Workshop for student hackathons focused on IoT dev

Overview

Scenario: The Mutt Matcher (IoT version)

According to the World Health Organization there are more than 200 million stray dogs worldwide. The American Society for the Prevention of Cruelty to Animals estimates over 3 million dogs enter their shelters annually - about 6 dogs per minute! Anything that can reduce the time and effort to take in strays can potentially help millions of dogs every year.

Different breeds have different needs, or react differently to people, so when a stray or lost dog is found, identifying the breed can be a great help.

A Raspberry Pi with a camera

Your team has been asked by a fictional animal shelter to build a Mutt Matcher - a device to help determine the breed of a dog when it has been found. This will be an IoT (Internet of Things) device based around a Raspberry Pi with a camera, and will take a photo of the dog, and then use an image classifier Machine learning (ML) model to determine the breed, before uploading the results to a web-based IoT application.

This device will help workers and volunteers to be able to quickly detect the breed and make decisions on the best way to approach and care for the dog.

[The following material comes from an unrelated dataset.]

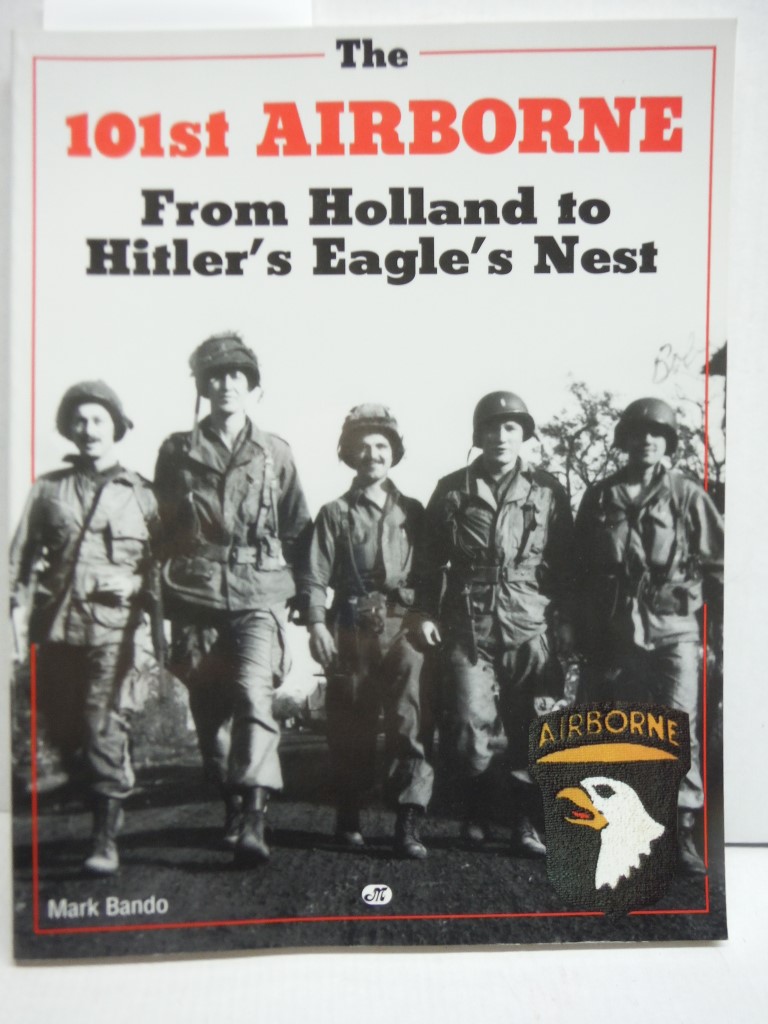 The 101st Airborne from Holland to Hitler's Eagle's Nest: From Holland to Hitler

An application dashboard showing the last detected breed as a German wire pointer, as well as a pie chart of detected breeds

The animal shelter has provided a set of images for a range of dog breeds to get you started. These can be used to train the ML model using a service called Custom Vision.

Pictures of dogs

Prerequisites

Each team member will need an Azure account. With Azure for Students, you can access $100 in free credit, and a large suite of free services!

Your team should be familiar with the following:

Hardware

To complete this workshop fully, ideally you will need a Raspberry Pi (model 3 or 4), and a camera. The camera can be a Raspberry Pi Camera module, or a USB web cam.

💁 If you don't have a Raspberry Pi, you can run this workshop using a PC or Mac to simulate an IoT device, with either a built in or external webcam.

Software

Each member of your team will also need the following software installed:

Resources

A series of resources will be provided to help your team determine the appropriate steps for completion. The resources provided should provide your team with enough information to achieve each goal.

These resources include:

  • Appropriate links to documentation to learn more about the services you are using and how to do common tasks
  • A pre-built application template for the cloud service part of your IoT application
  • Full source code for your IoT device

If you get stuck, you can always ask a mentor for additional help.

Exploring the application

Icons for Custom Vision, IoT Central and Raspberry Pi

The application your team will build will consist of 3 components:

  • An image classifier running in the cloud using Microsoft Custom Vision

  • An IoT application running in the cloud using Azure IoT Central

  • A Raspberry Pi based IoT device with a camera

The application flow described below

When a dog breed needs to be detected:

  1. A button on the IoT application is clicked

  2. The IoT application sends a command to the IoT device to detect the breed

  3. The IoT device captures an image using it's camera

  4. The image is sent to the image classifier ML model in the cloud to detect the breed

  5. The results of the classification are sent back to the IoT device

  6. The detected breed is sent from the IoT device to the IoT application

Goals

Your team will set up the Pi, ML model and IoT application, then connect everything to gether by deploying code to the IoT device.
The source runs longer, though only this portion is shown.